Each line of the entries that contains the word "will" adds one. Reply with the resulting number only.

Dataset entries
▶
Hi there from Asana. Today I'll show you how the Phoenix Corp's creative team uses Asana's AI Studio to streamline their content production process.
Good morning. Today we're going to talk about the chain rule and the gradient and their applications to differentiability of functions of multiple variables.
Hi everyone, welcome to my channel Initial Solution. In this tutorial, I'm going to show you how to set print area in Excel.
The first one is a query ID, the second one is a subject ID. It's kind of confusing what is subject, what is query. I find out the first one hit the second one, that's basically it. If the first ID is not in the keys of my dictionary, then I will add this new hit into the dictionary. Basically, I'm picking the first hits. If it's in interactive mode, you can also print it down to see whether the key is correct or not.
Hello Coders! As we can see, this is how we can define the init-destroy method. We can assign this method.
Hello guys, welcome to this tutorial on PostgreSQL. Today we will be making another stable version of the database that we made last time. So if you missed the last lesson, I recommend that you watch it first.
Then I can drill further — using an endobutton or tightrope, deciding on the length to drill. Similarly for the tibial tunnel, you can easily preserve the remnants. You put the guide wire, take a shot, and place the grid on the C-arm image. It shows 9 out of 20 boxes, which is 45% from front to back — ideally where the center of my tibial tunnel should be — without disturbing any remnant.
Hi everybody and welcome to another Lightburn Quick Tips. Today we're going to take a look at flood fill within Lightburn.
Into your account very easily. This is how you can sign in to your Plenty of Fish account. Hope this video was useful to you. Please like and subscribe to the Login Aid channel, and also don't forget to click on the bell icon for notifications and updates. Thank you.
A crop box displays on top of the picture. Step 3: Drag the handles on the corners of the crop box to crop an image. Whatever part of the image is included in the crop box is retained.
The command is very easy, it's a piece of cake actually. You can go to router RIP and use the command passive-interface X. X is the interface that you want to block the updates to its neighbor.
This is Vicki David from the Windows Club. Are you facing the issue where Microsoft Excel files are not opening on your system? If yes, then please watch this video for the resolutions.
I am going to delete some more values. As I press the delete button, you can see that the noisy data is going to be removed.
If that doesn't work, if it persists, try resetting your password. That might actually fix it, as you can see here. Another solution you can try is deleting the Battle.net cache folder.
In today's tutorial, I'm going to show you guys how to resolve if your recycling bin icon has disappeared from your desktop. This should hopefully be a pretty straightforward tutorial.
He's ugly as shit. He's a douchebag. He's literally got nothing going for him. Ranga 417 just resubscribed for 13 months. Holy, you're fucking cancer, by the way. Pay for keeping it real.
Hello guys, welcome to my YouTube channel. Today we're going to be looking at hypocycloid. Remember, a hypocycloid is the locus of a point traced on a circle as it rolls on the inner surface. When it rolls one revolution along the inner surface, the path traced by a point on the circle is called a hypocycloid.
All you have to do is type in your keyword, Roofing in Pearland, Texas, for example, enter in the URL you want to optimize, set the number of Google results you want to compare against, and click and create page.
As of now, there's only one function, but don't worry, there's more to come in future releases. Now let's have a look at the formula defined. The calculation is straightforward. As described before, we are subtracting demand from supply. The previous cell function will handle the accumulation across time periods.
◀
Result: 3